The debris is thought to act by inducing currents on the cupula and triggering an attack of vertigo. Based on this presumed mechanism, several canalith repositioning maneuvers have been devised (Semont et al; Epley), allowing the debris to gravitate out of the semicircular canal and into the vestibule, where it will not induce a current during angular acceleration.
The first part of the Epley canalith repositioning maneuver (Fig. 15-6) is similar to the diagnostic Hallpike maneuver, the only difference being that the patient is positioned without extending the head into the hanging position of the Dix-Hallpike diagnostic maneuver, first with one ear down and the head turned, then the other ear, in order to establish the side responsible for symptoms. Next, with the patient in the position that causes symptoms, the head is turned in a series of three steps, each separated by about 20 s: first the head is turned 45 to 60 degrees toward the opposite ear; the patient is then turned onto his side and the head turned an additional 45 degrees, until the head is parallel to the ground; then the head is turned once more until it more nearly faces the floor. We have become aware that this last step, which is a necessary part of the maneuver, is sometimes omitted by neurologists. After about 20 s, the patient is returned to the upright position. It was formerly believed that the patient should be instructed to avoid the head-down position for 24 hours, but recent studies have demonstrated that this is probably not necessary. Often a single treatment sequence suffices to terminate a period of positional vertigo (approximately 80 percent respond), but a second sequence carried out immediately after the first probably gains another small group who derive benefit. Additional treatments carried out in the same session are said to add no further benefit. In recalcitrant cases, our otolaryngology colleagues have applied a large vibrator to the temporal bone while the Epley maneuver was being performed, after which the episodes ceased; presumably this mobilizes the crystals and aids in moving them out of the canal. An incompletely implemented Epley maneuver risks converting the usual posterior semicircular canal cupulolithiasis to one involving the lateral canal, which may be more difficult to treat.
Patients who fail to respond to the Epley maneuver may respond to variations of repositioning such as the Semont maneuver (the patient begins in a sitting position with the head turned 45 degrees to one side, then drops laterally to a side lying position on the opposite ear, followed by a brisk swing of the body to drop the opposite side lying position) or the similar Brandt-Daroff exercises (sitting, to side lying, to sitting, performed repeatedly).

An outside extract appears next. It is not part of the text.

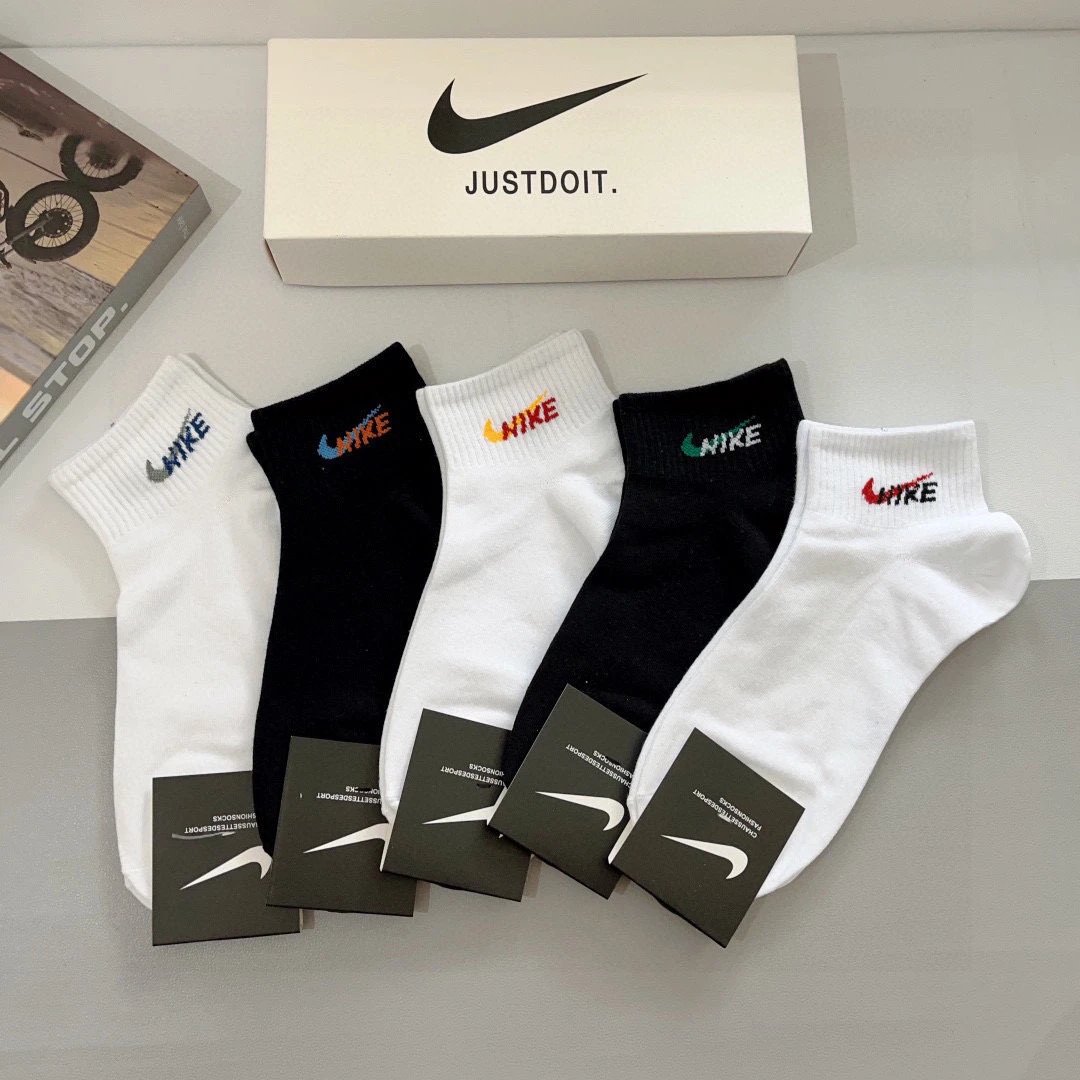 Dior Socks Logo Crew — soc-80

Positional vertigo caused by lateral canalolithiasis causes a purely horizontal nystagmus rather than the torsional and vertical type described above. In this case, another repositioning maneuver that involves rolling from one side to the other is used to liberate and reposition the otolithic debris.
It is important to reiterate that in some patients with positional vertigo, the disorder is neither benign nor paroxysmal. Jannetta and colleagues have described a group of patients in whom symptoms of vertigo and disequilibrium were almost constant (even in the upright position) and disabling and unresponsive to habituation and other medical therapy (disabling positional vertigo). They attributed this disorder to cross-compression of the root entry zone of the eighth cranial nerve by an adjacent blood vessel and have reported that decompression of the nerve provides lasting relief of symptoms.
Toxic and Idiopathic Bilateral Vestibulopathy
The common and serious ototoxic effects of the aminoglycoside antibiotics have already been mentioned—both on the cochlear hair cells, with loss of hearing and independently, on the vestibular labyrinths. Prolonged exposure to these agents produces a bilateral vestibulopathy without vertigo. Instead, there tends to be a disequilibrium associated with oscillopsia. The symptoms are especially troublesome when the patient moves. Often the disequilibrium is not discovered until a bedbound patient tries to walk.
Less-well appreciated is the occurrence of a slowly progressive vestibulopathy for which no cause can be discerned. The disorder affects men and women alike, with onset in middle or late adult life with the main abnormalities being unsteadiness of gait, which is worse in the dark or with eyes closed, and oscillopsia, which occurs with head movements and is particularly noticeable when walking. Vertigo and hearing loss are absent, as are other neurologic abnormalities. Bilateral vestibular loss can be documented with caloric and rotational testing. Baloh and colleagues, in a report of 22 patients with idiopathic vestibulopathy of this type, found that a significant proportion (9 of 22 cases) had a prior history of prolonged episodes of vertigo consistent with the diagnosis of bilateral sequential vestibular neuritis (see below).
Vestibular Neuritis (Neuronitis)
This was the term applied originally by Dix and Hallpike to a distinctive disturbance of vestibular function, characterized clinically by a paroxysmal and usually a prolonged single attack of vertigo and by a conspicuous absence of tinnitus and deafness. The entity is, however, more nebulous than most discussions indicate.
This disorder occurs mainly in young to middle-aged adults (children and older individuals also may be affected), without preference for either sex. The patient frequently gives a history of an antecedent upper respiratory infection of nonspecific type, but it is not clear whether this is requisite for the diagnosis. Usually, the onset of vertigo is fairly abrupt, although some patients describe a prodromal period of several hours or days in which they felt "top-heavy" or "off balance." Persistence of the symptoms for a day or more differentiates the process from Ménière disease. The vertigo is severe as a rule and is associated with nausea, vomiting, and the need to remain immobile.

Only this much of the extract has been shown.